[Listed entries]
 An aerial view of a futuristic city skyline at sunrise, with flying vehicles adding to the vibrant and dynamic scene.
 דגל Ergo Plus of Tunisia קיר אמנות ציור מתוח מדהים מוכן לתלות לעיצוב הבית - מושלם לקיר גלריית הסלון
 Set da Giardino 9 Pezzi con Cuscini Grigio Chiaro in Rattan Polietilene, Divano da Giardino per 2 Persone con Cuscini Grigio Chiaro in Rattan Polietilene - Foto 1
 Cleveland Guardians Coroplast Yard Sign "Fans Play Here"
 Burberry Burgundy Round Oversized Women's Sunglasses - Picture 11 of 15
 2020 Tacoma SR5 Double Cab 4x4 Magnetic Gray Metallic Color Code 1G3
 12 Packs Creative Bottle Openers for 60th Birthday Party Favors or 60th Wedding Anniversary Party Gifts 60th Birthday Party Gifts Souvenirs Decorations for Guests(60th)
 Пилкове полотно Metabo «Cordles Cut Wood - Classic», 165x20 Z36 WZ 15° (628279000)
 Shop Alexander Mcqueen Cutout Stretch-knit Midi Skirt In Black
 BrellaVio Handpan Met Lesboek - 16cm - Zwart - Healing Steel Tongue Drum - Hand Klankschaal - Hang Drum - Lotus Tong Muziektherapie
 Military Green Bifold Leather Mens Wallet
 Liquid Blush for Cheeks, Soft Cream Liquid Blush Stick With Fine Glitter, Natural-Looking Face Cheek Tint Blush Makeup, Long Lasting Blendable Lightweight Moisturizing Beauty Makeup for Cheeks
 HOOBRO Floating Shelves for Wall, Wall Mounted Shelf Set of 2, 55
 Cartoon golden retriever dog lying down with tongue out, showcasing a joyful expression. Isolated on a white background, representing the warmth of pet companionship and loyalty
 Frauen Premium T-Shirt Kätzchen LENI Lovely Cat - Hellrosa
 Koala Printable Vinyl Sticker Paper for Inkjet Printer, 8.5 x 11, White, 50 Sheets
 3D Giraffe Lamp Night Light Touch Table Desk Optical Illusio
[/Listed entries]
Your instructions =
Above are some records; copy exactly the lines from the one with "דגל Ergo Plus" through the one with "2020 Tacoma SR5", both included, and no others.

Answer to this task =
 דגל Ergo Plus of Tunisia קיר אמנות ציור מתוח מדהים מוכן לתלות לעיצוב הבית - מושלם לקיר גלריית הסלון
 Set da Giardino 9 Pezzi con Cuscini Grigio Chiaro in Rattan Polietilene, Divano da Giardino per 2 Persone con Cuscini Grigio Chiaro in Rattan Polietilene - Foto 1
 Cleveland Guardians Coroplast Yard Sign "Fans Play Here"
 Burberry Burgundy Round Oversized Women's Sunglasses - Picture 11 of 15
 2020 Tacoma SR5 Double Cab 4x4 Magnetic Gray Metallic Color Code 1G3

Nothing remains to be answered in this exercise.